South Africa

Ramaphosa’s job creation promise just hot air

President Cyril Ramaphosa’s promise to create 2.5 million job opportunities for the next five years sounds good but is highly unlikely to be fulfilled

This is the view of labour lawyer Michael Bagraim, who told eNCA that the Presidential Employment Stimulus is “quite frankly pie in the sky”.

His comments come after the launch of the ANC’s election manifesto, in which the ruling party promised voters that it would create 2.5 million work opportunities in the next five years.

Bagraim said this is not a new promise, as Rampahosa has made similar commitments in nearly every State of the Nation Address he’s given.
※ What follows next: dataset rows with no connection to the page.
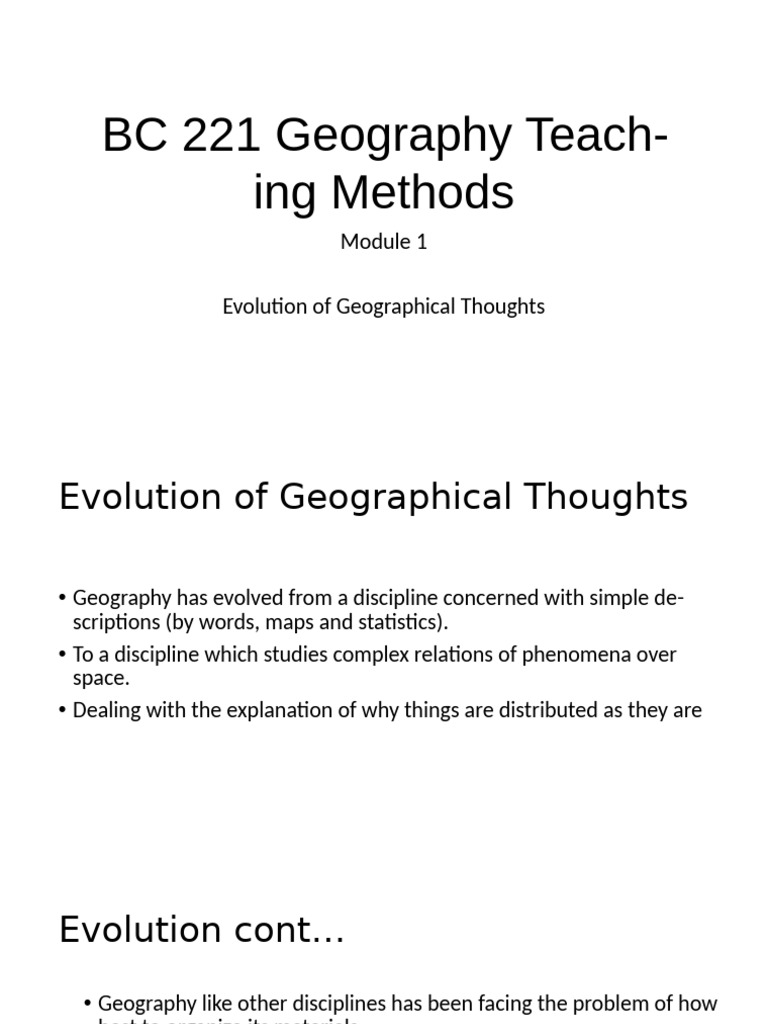 Evolution of Geographical Thought | PDF | Geography | Mathematics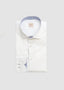 STENSTRÖMS LONG SLEEVE SPORT SHIRT IN WHITE WITH NAVY STRIPE PLACKET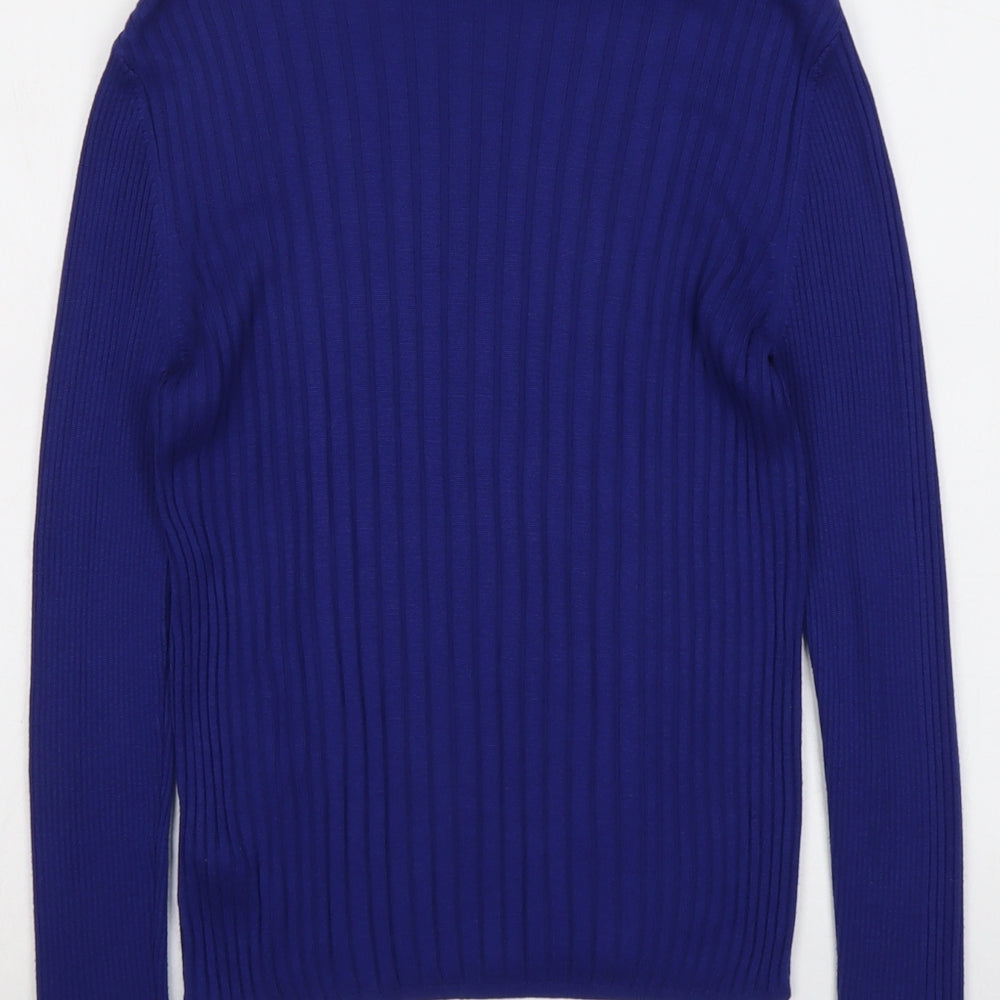Cooperative Womens Blue Roll Neck Viscose Pullover Jumper Size M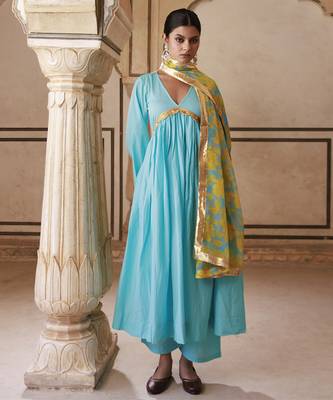 Blue cotton anarkali set with chiffon dupatta 5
“Let’s face it, it’s a wonderful promise, and it goes a little bit of the way to try and solve some of our unemployment,” he said.

“The real problem is that the President’s promise is not going to be fulfilled. It hasn’t been fulfilled.”

He said the ANC’s promise has two major faults that will prevent the party from improving South Africa’s unemployment rate.

The first problem is that the ANC promises to create 2.5 million “work opportunities” – not jobs. 

“A work opportunity could be 3 days, 5 days, or two months, and we don’t know what it will pay. We know that the Extended Public Works Program even pays half the minimum wage,” Bagraim said. 

“The government says it can’t afford to pay the minimum wage, so it’s going to probably be that sort of work opportunity which is not a job and is not sustainable.”

The second problem Bagraim identified is that the government is not there to create jobs. Rather, the government is there to create an opportunity for the business community to create jobs.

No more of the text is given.